Historically, having Choir first comes from the baroque tradition of Rückpositiv in Germany or positif de dos in France, i.e. where the Choir division is located behind the player: in this case, it is technically much easier for the organ builder to put the Choir manual first and the Great second.
On other baroque organs (e.g. those by Silbermann), both divisions are in the same case, with Great below (and the other division is, quite appropriately, called Oberwerk). You would than have Great as first manual, and the Oberwerk second.

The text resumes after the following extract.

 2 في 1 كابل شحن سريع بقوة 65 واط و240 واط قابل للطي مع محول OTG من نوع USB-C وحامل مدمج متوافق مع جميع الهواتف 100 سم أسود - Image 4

On some big instruments, you can also have a Brustwerk, a division located right above the manuals and at the front of the case (Brust=chest). The builder would then find it most convenient to put its manual closest to it, i.e. the last manual.

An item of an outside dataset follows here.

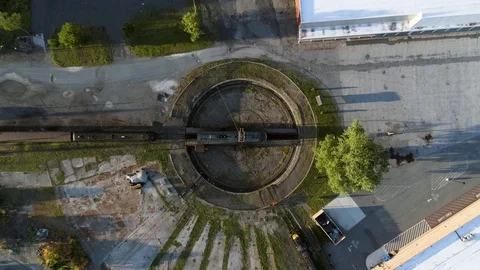 Aerial Push in to Train Turntable Stock Footage 91901435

In French baroque organs, you sometimes have an Écho division, which indeed tends to be the last manual. For example, the Cliquot organ in Poitiers has the following order:
1 - Positif (Choir)
2 - Grand-Orgue (Great)
3 - Récit ("Swell", except that it's not swellable)
4 - Écho
and in the Dom Bedos organ in Bordeaux, we have:
1 - Positif
2 - Grand-Orgue
3 - Bombarde (contains strong reeds)
4 - Récit
5 - Écho
In French romantic organs, the Positif(=Choir) division is often located inside the main organ case, so there is no reason to have it as the first manual, and the most common order in a three-manual instrument is Great-Choir-Swell (with the Swell now being swellable, i.e. enclosed inside a box with shutters).
If an organ has electrical action, the builder could of course order the manuals any way he likes (rods can't be bent, but cables can!), but for convenience, most builders just stuck to the (by then well established) order of manuals that was customary in their particular country and time period - so that accounts for a great variety of possibilities, as Giovanni mentioned.
Probably the only absolute rules (i.e. with no exceptions known to me) are that Great comes before Swell and Solo, and that Choir comes before Solo.